PROMPT
Take the line that contains "How to Open" and each line after it to the end of the data below, and set them down exactly, omitting pictures.

Brief descriptive captions
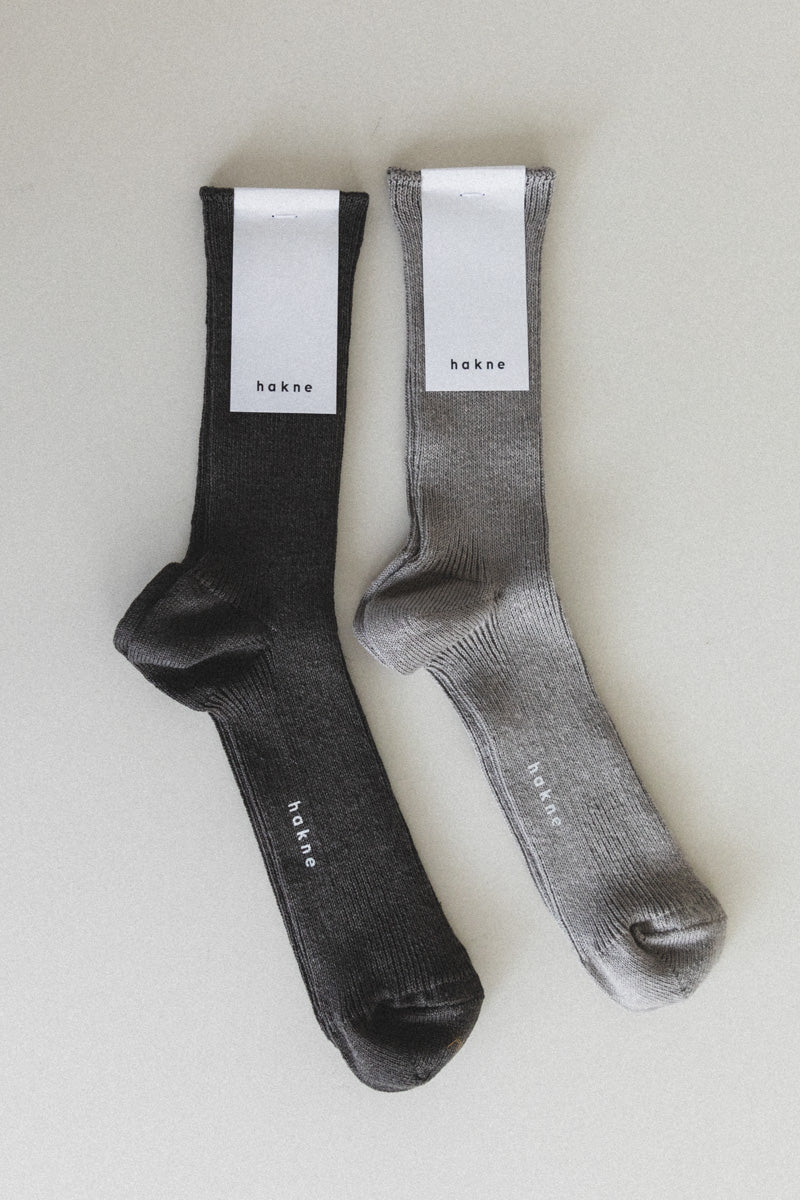 LINEN RIBBED SOCKS IN MOCHA BROWN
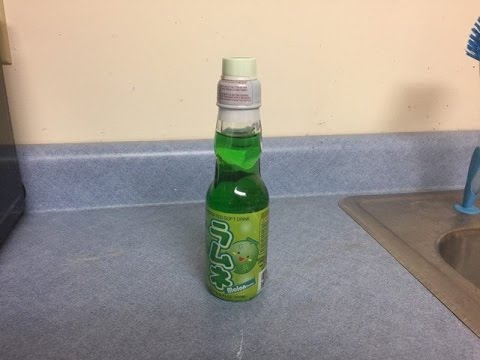 How to Open a Bottle of Ramune (Japanese Soda)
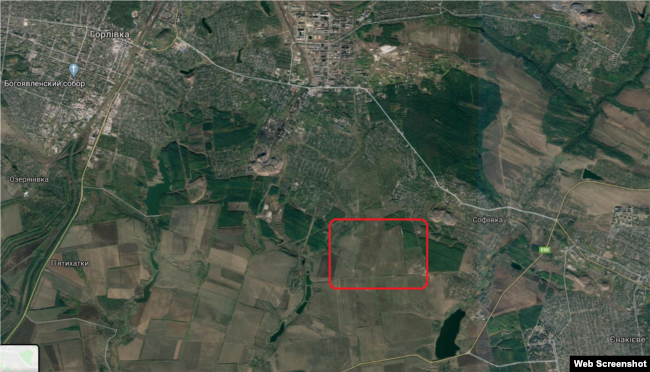 Розташування полігону (виділене червоним) у прив'язці до міст Горлівка та Єнакієве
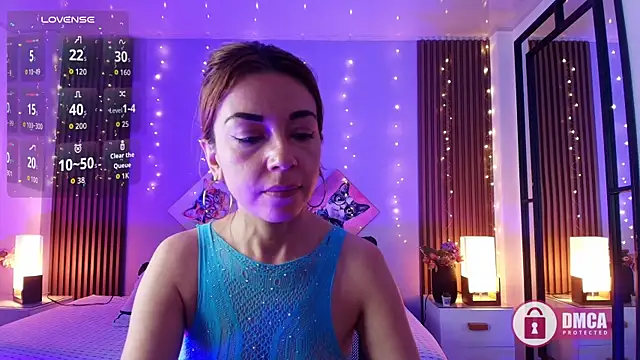 HoneyLeslie online show from April 12, 2:03 am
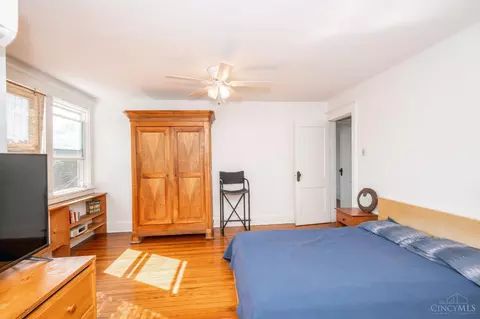 Bedroom - 3476 Morrison Pl, Cincinnati, OH 45220 photo 3 of 12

WRITTEN ANSWER
 How to Open a Bottle of Ramune (Japanese Soda)
 Розташування полігону (виділене червоним) у прив'язці до міст Горлівка та Єнакієве
 HoneyLeslie online show from April 12, 2:03 am
 Bedroom - 3476 Morrison Pl, Cincinnati, OH 45220 photo 3 of 12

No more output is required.